Brief descriptive captions
▶
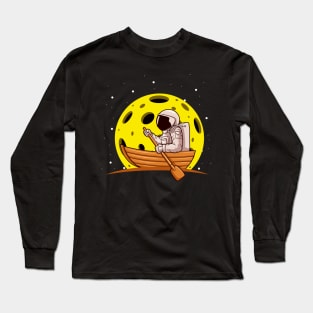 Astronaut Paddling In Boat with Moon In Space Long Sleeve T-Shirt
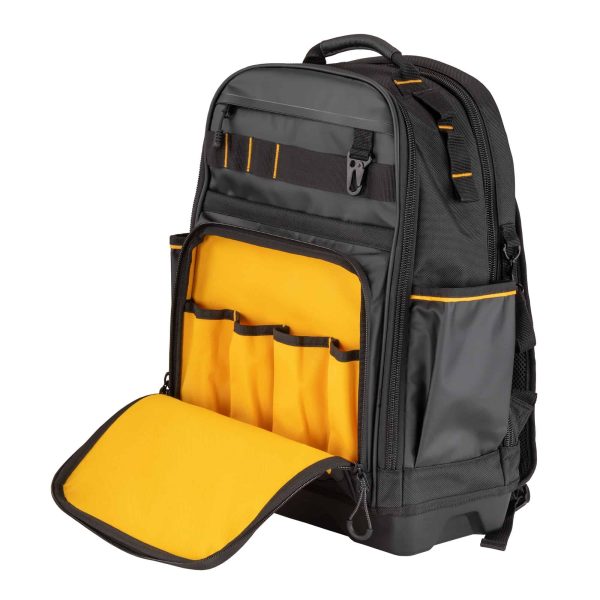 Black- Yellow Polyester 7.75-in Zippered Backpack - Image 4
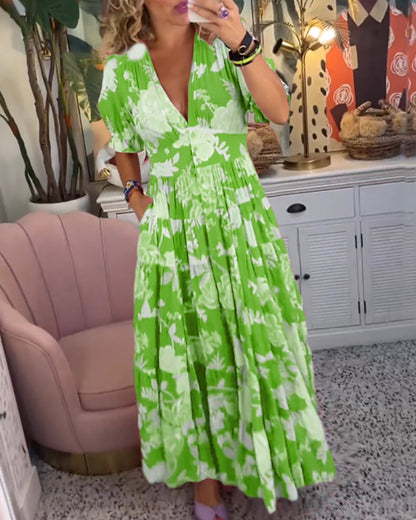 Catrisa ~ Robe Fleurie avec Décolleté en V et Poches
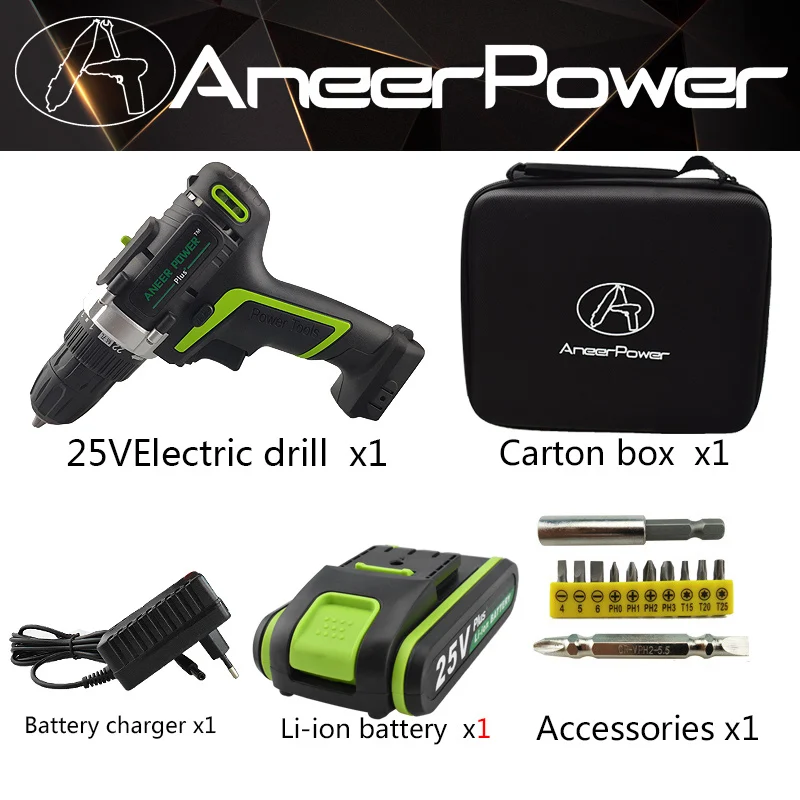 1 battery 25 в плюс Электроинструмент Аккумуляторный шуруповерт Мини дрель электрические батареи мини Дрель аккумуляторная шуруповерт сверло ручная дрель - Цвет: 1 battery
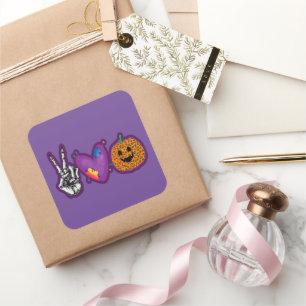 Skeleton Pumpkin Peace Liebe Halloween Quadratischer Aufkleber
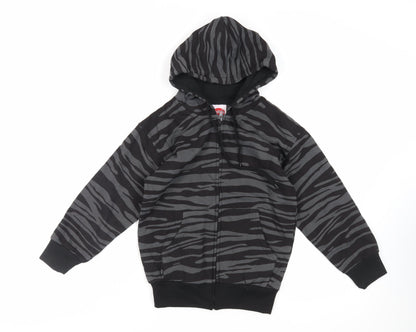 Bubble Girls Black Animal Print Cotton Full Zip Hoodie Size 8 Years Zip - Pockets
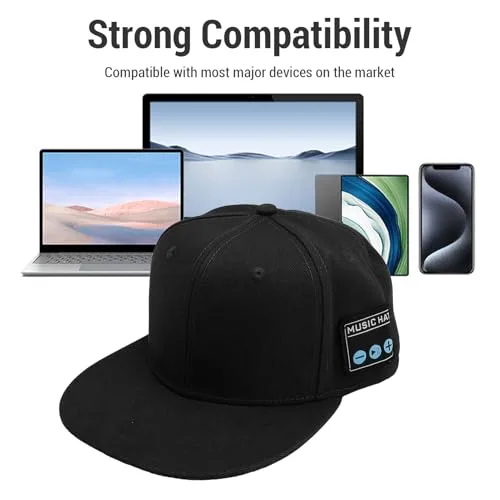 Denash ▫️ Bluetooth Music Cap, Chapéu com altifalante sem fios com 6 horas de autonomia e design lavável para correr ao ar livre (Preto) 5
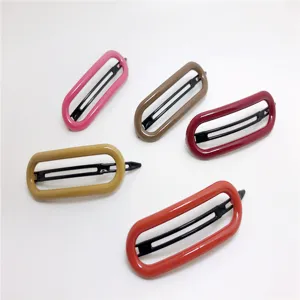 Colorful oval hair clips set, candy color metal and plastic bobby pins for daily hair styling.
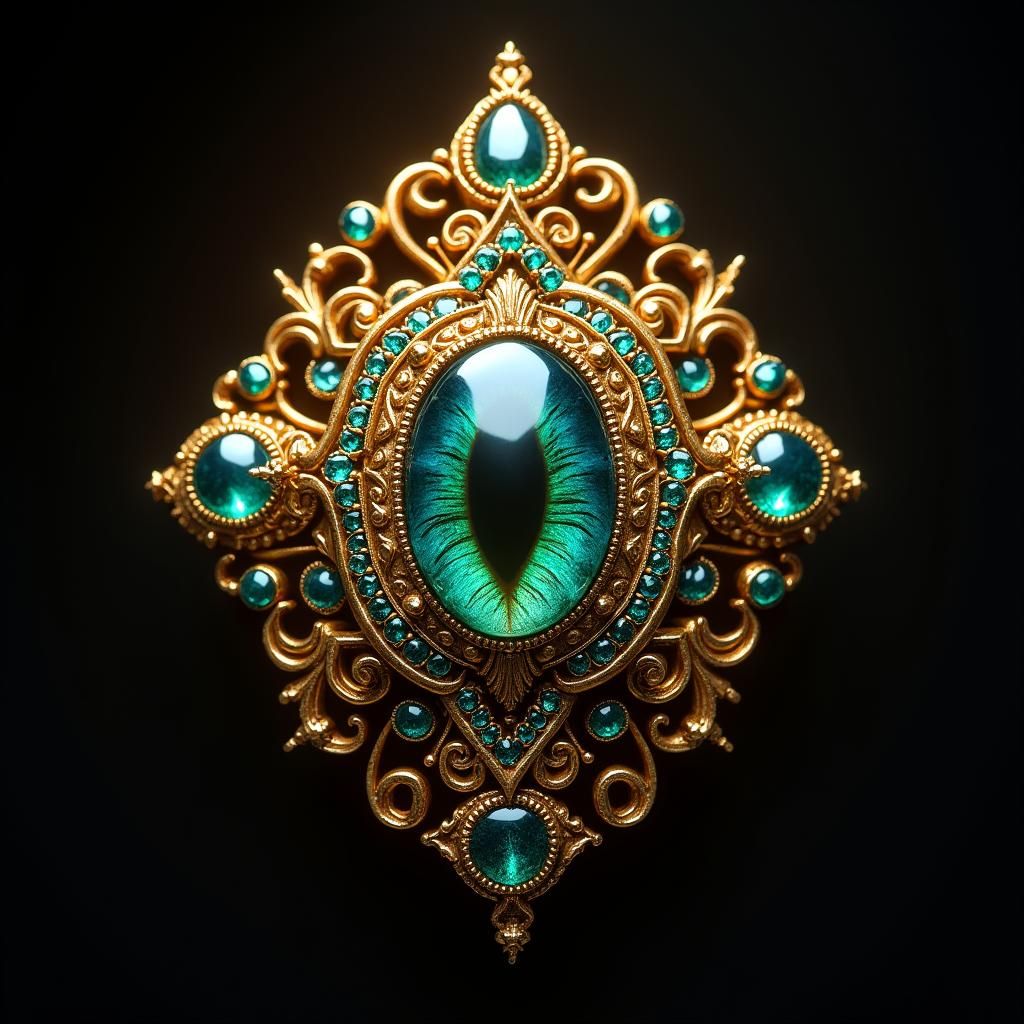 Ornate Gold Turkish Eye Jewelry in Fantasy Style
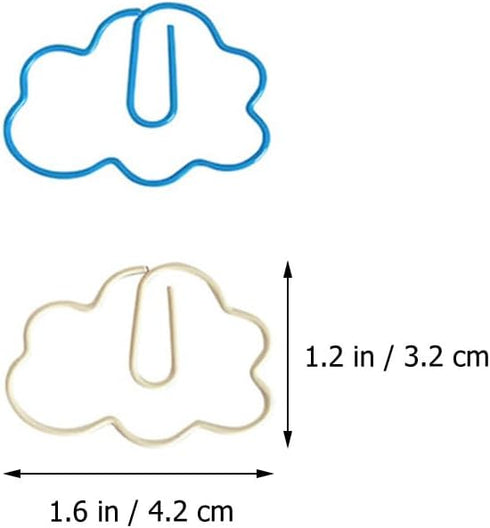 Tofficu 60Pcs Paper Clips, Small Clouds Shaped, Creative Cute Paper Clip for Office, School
◀
• _About this task_: From the line containing "Ornate Gold Turkish" to the last line of the records above, return each line exactly, both ends included, and nothing more. Leave out the pictures.

• _Solution_:
 Ornate Gold Turkish Eye Jewelry in Fantasy Style
 Tofficu 60Pcs Paper Clips, Small Clouds Shaped, Creative Cute Paper Clip for Office, School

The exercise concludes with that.